Ticket to Ride: 15th Anniversary Edition is a very special thing indeed

If you’re reading this review, then I’d be willing to bet a lot of money — maybe even a crisp fiver — that you’ve heard of Ticket to Ride. Even if you’re here because you’re curious about whether you should take the step of purchasing it as your only board game, there’s no arguing against the fact that Alan R. Moon’s take on route-building is a bonafide classic. Having recently reached its fifteenth birthday, Days of Wonder have chosen to celebrate Ticket to Ride with a gorgeous new edition — let’s find out if it’s worth the near £100 asking price.

The first thing you’ll notice about Ticket to Ride: 15th Anniversary Edition is that the box is materially larger than the standard edition. Indeed, the box for Ticket to Ride: 15th Anniversary Edition is larger than almost any other game I own, barely fitting into my shelves and with no chance of fitting into an IKEA Kallax. That said, it looks fantastic on the shelf. Open up the box and you’ll realize why — Ticket to Ride: 15th Anniversary Edition comes with a board that is large enough to fill a six-seat dining table widthways no problem, and cover about sixty to seventy percent of the table lengthways.

Ticket to Ride: 15th Anniversary Edition

Beneath the board, a decent insert cradles pieces for five players, each set of which is presented in a colourful metal tin featuring the branding of a fictional train company.

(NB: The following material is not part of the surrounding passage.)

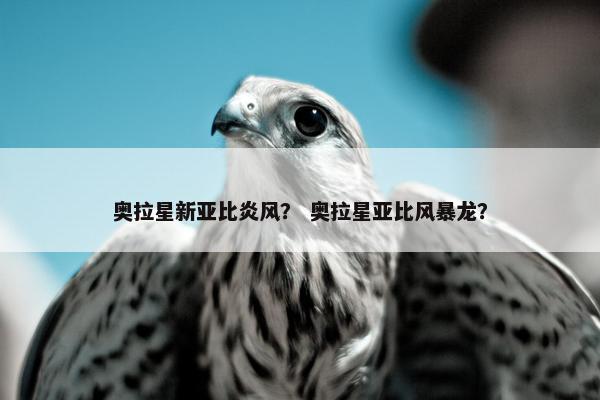 奥拉星新亚比炎风？ 奥拉星亚比风暴龙？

To the side, you’ll find slots for the scoring marker associated with each colour — and taking up a lot more real estate than needed in the insert, but considering the size of the board there was always going to be wasted space here. The final thing you’ll see in the box (aside from the manual) are the cards. 

There are decks here for the standard game, plus all expansions released for the Europe map to date — these include the Big Cities, 1912 and Orient Express decks, plus a Ticket to Ride with Max promo. These variants are all minor tweaks to routes players will try to fulfill and don’t really change the mechanics of the game, but it’s nice to see some variety.

Now, before I take a closer look at some of these components, I’d like to quickly nod at what isn’t here. There’s really just one big omission for me — the board in Ticket to Ride: 15th Anniversary Edition is single-sided and because the components are larger than the regular version, you’ll never be able to use them on other maps (unless they release giant versions separately). 

I think this is a shame — I’d love to have seen perhaps the best selling “alternate” map (maybe the USA) being printed on the other side, and it doesn’t seem much of a stretch to have included the cards to support such an inclusion. That, alone, would probably have been a big step towards justifying the asking price.

Ticket to Ride: 15th Anniversary Edition

Now back to what is here, let’s talk about the side of the board that is printed. Basically, it’s a giant version of the Ticket to Ride: Europe board, and with bolder, brighter colours and loads of small details, it looks absolutely gorgeous. I really do mean that — Ticket to Ride: 15th Anniversary Edition has one of the finest boards that I’ve ever seen. Things only get better when you start opening those tins as well. Each colour is filled with unique rail cars ranging from mail carriages (red) to car transporters (blue) and giant reels of cable (grey.) Lumber (brown) and oil or similar (pink) round out the set. These rail cars are finely sculpted and painted (with the exception of a few misprints) and look absolutely fantastic on the beautiful board.

The ticket and train cards are also impressive, at least on the front. The train images look brighter and bolder than the standard game, and I really like the new design for the locomotive cards, which is very stylish. The ticket cards are just what the game needs — clear information that allows the player to assess where the journey leads, without giving anything away by forcing players to check the board. The instruction manual is just about identical to the classic version of the game, albeit that it adds a handy summary for the variants on the rear.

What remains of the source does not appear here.